暗号資産(仮想通貨)取引所「Binance(バイナンス)」は29日、機関投資家向けの新サービス「Crypto-as-a-Service(CaaS)」を発表した。CaaSは銀行や証券会社など規制された金融機関が、自社顧客に暗号資産取引サービスを迅速に提供できるように設計されたホワイトラベル型の基盤となっている。
内部取引やカストディ機能を備え金融機関を支援
CaaSの最大の特徴は「内部取引機能」である。これは金融機関が自社の顧客同士の注文をマッチングさせる仕組みで、社内完結によるコスト削減と流動性の保持を実現する。バイナンスが持つ現物・先物市場の大規模な流動性への標準アクセスが可能なため、顧客に対して利用可能なすべての取引ペアを直接提供できる点が強みだ。
加えて、CaaSには資産管理を支えるカストディインフラも統合。顧客ごとに固有のウォレットと入金アドレスの作成を可能にすることで、資産の分別管理をサポートする。また、本人確認(KYC)や取引監視といった規制要件に対応するコンプライアンス機能も搭載し、個別の規制要件に対応する手間や負担の軽減も図れるようになっている。
機関投資家向けの管理機能としては、専用ダッシュボードとAPI接続に対応。ダッシュボードからは手数料のマークアップ設定や顧客ごとのセグメント管理、内部取引ルールの調整などの柔軟なコントロールが可能になっている。これらの強力なバックエンドにより、金融機関はゼロから暗号資産インフラを構築する手間やコストを削減しながら、自社ブランドでの取引サービスの迅速な立ち上げを実現できる。

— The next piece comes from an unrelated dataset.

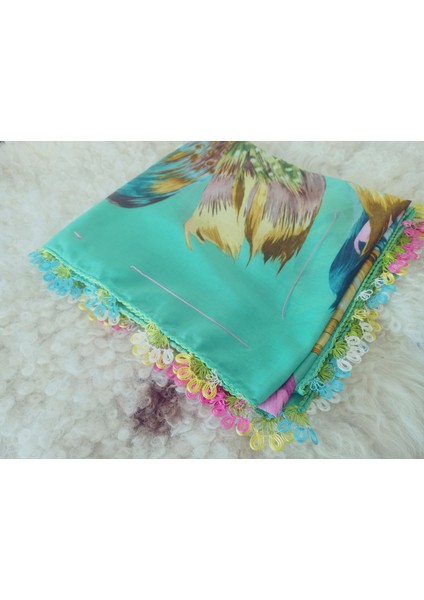 ve Reyhan %100 Pamuk Yazma Üzerine Tamamı El Işi Dört Tarafı Oyalı Yazma, Eşarp, Mevlit Örtüsü 100 x 100CM fiyatları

バイナンスは30日より、CaaSの規模要件を満たす一部の金融機関に限定する形で早期アクセスを開始。なお、今後はより幅広い金融機関のアクセスも拡充する意向を示しており、2025年第4四半期に一般提供を始める予定だ。
規制環境の整備が進む中で、CaaSは金融機関による暗号資産ビジネス参入を後押しする可能性がある。バイナンスにとってもCaaSは、既存の流動性と技術基盤を武器に新たな顧客層を取り込む戦略的な基盤になるだろう。CaaSが既存の金融機関と暗号資産市場の架け橋としてどのように機能するのか、今後の展開に注目したい。